YOUR OBJECTIVE
Please return the listing exactly as written, but without its pictures.

DATA
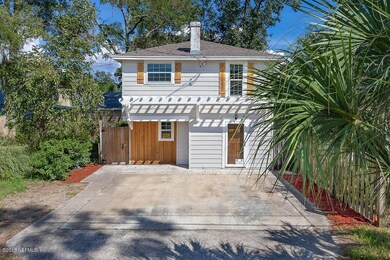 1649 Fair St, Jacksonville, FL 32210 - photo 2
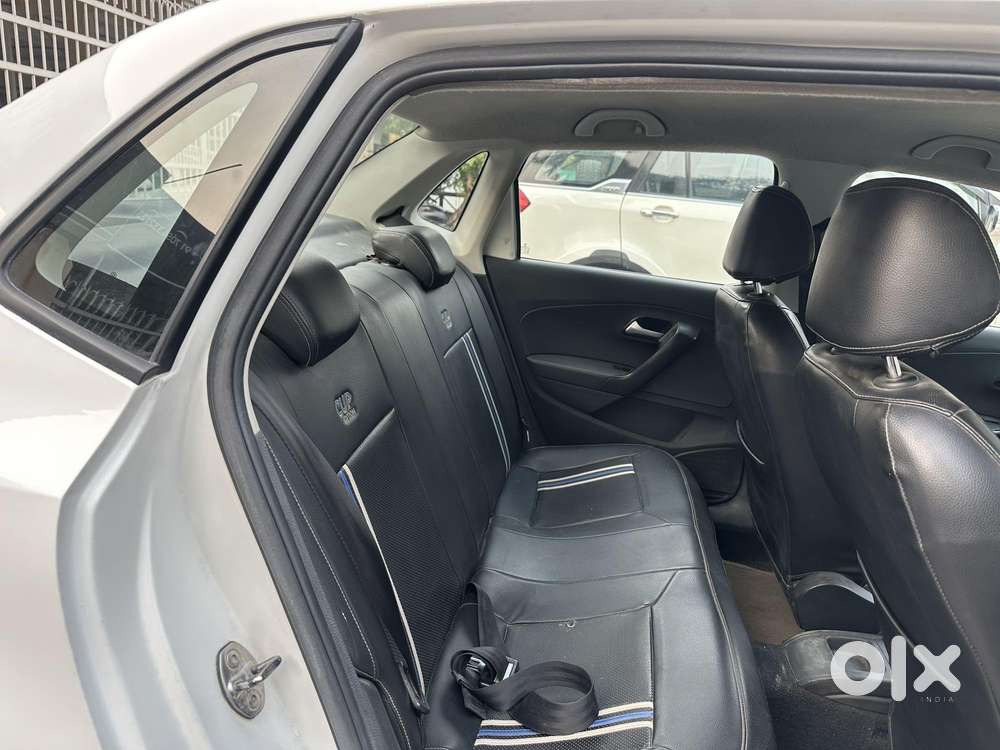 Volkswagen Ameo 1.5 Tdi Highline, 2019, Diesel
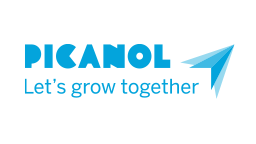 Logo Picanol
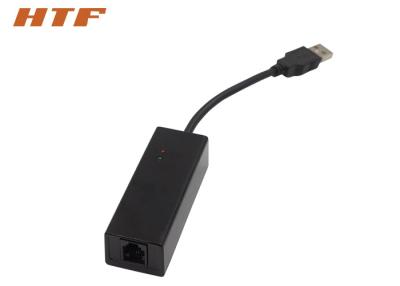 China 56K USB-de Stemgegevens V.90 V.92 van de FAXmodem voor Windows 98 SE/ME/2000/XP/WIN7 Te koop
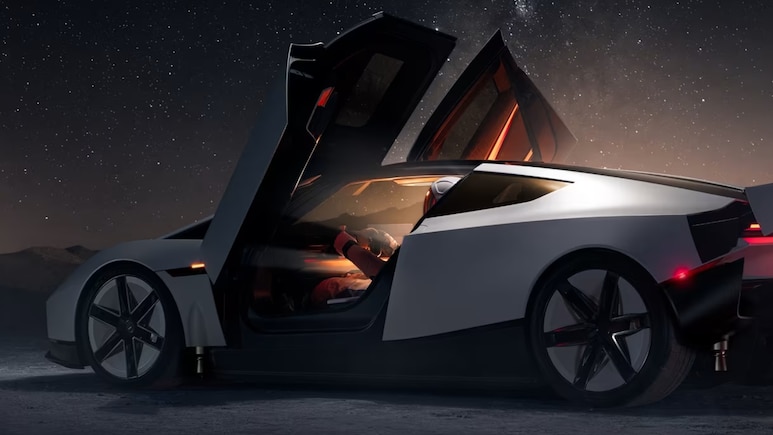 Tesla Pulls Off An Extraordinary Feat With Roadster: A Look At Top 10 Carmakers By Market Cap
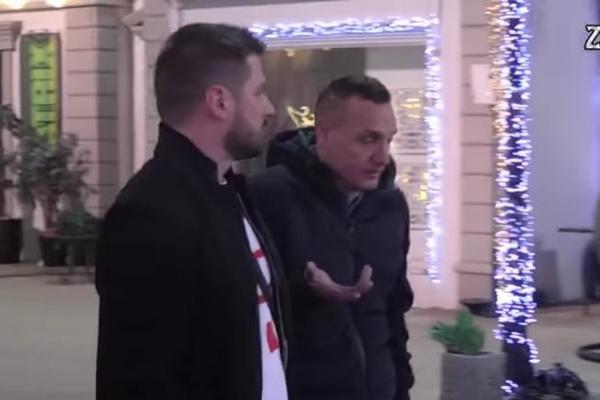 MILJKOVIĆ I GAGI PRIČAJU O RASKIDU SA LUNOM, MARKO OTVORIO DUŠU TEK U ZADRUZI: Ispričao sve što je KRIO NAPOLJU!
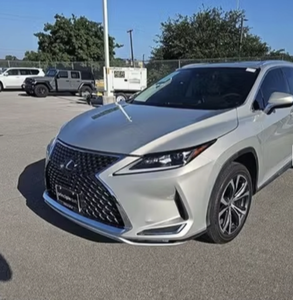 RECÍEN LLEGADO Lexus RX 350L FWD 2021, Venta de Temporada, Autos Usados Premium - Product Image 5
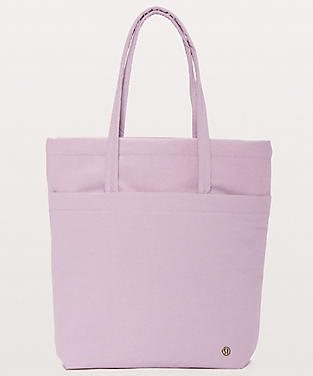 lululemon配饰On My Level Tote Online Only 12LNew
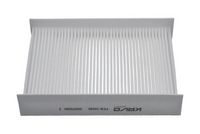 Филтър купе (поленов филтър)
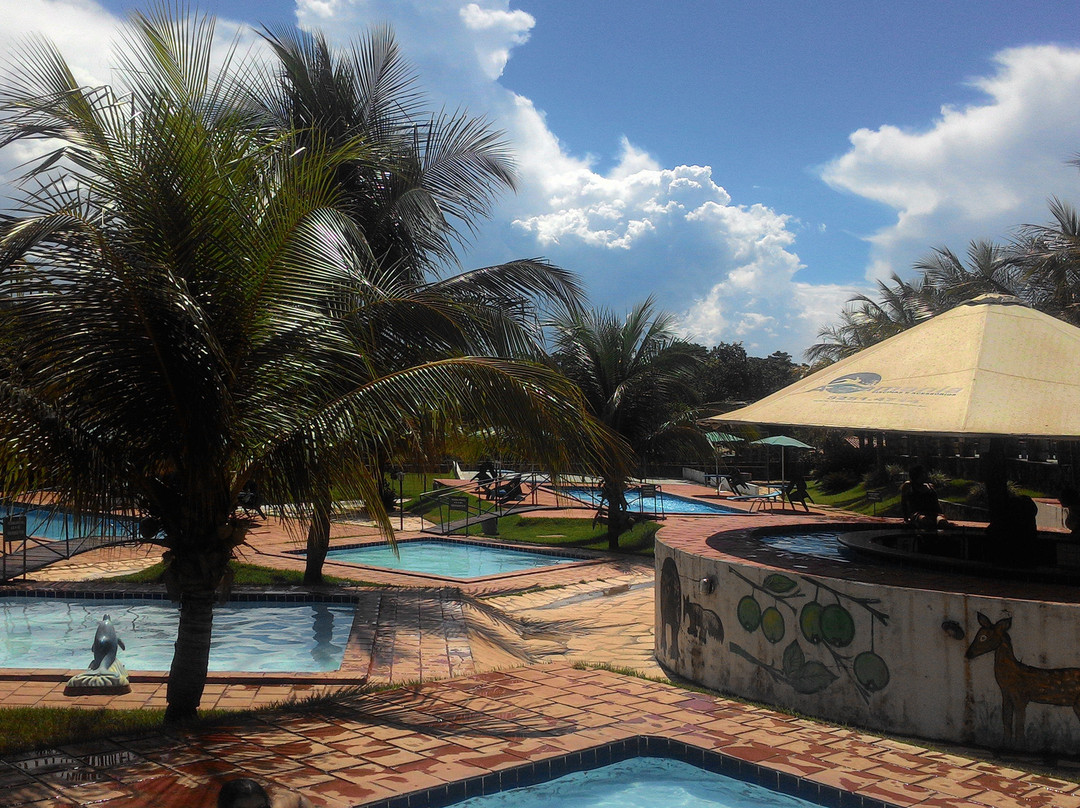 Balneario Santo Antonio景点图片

TASK ANSWER
 1649 Fair St, Jacksonville, FL 32210 - photo 2
 Volkswagen Ameo 1.5 Tdi Highline, 2019, Diesel
 Logo Picanol
 China 56K USB-de Stemgegevens V.90 V.92 van de FAXmodem voor Windows 98 SE/ME/2000/XP/WIN7 Te koop
 Tesla Pulls Off An Extraordinary Feat With Roadster: A Look At Top 10 Carmakers By Market Cap
 MILJKOVIĆ I GAGI PRIČAJU O RASKIDU SA LUNOM, MARKO OTVORIO DUŠU TEK U ZADRUZI: Ispričao sve što je KRIO NAPOLJU!
 RECÍEN LLEGADO Lexus RX 350L FWD 2021, Venta de Temporada, Autos Usados Premium - Product Image 5
 lululemon配饰On My Level Tote Online Only 12LNew
 Филтър купе (поленов филтър)
 Balneario Santo Antonio景点图片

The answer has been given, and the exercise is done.